Butter-fingered gadgeteers rejoice: HTC offers free 'no questions asked' replacements under its "Uh Oh Protection" program

As if HTC's new flagship One M9 wasn't enticing enough, with its premium all metal body, 20mp rear camera, Ultrapixel technology and BoomSound front-facing stereo speakers, the Taiwanese manufacturer has also unveiled a PR winner: free replacement units of the handset for the first 12 months of ownership, for any reason.

While rivals like Apple and Samsung also offer 12 and 24 month warranties respectively, both are heavily-qualified by lists of exceptions, including "accident, abuse, misuse, flood, fire, earthquake." So, while there'll be no more crying if your M9 goes to a watery grave after a bathroom multi-tasking malfunction, your iPhone and Galaxy S6 buddies won't be so lucky. 

What's the deal?

An extension of last year's HTC Advantage program (which offered cracked screen replacements on One M8s within 6 months of purchase), the "Uh Oh Program" shows both the extent to which HTC will go to entice customers away from alternative hand-candy, and that smartphone purchases are now about much more than just the product.
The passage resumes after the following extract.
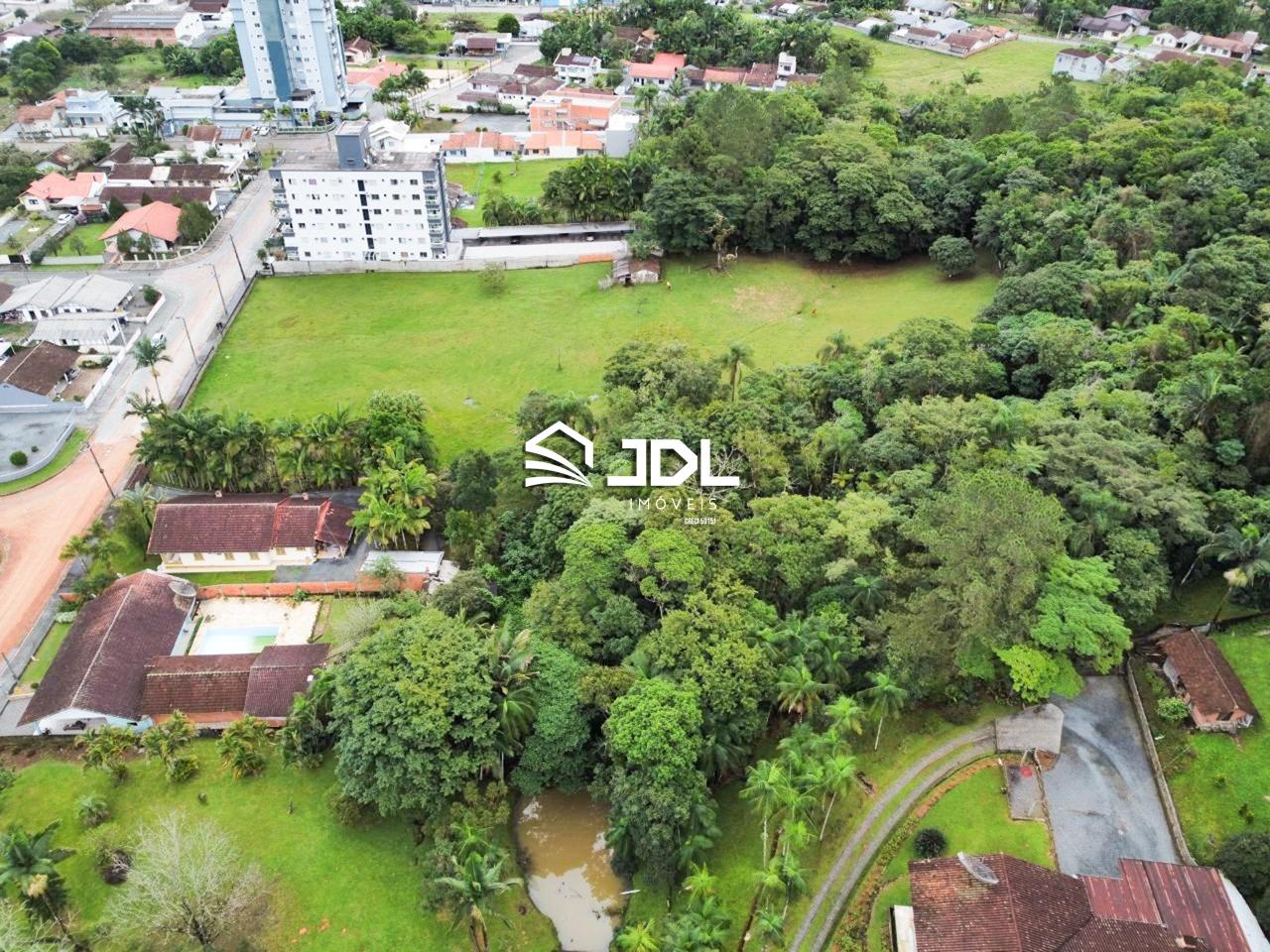 Terreno à venda no bairro Vila Germer:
Will it be enough to win the smartphone war in India? Well... not exactly - the "Uh Oh Program" is only available to US customers. Boo.

American M9-ers will simply have to call a freephone number, verify the device, and a replacement will be sent overnight, complete with return envelope for the old handset. Though HTC cited more extreme examples of screen destruction and water intrusion, the damage can be as light as a scratch or as devastating as a total meltdown.

Call us old-fashioned, but us Indians might feel a little hard done by. Of course, it'll have a lot to do with dull phrases like 'economies of scale', but with HTC's India market share far from secure, HTC must be hoping that we'll all be too busy preparing for April Fools Day when the M9 hits to notice the program's absence on Indian shores.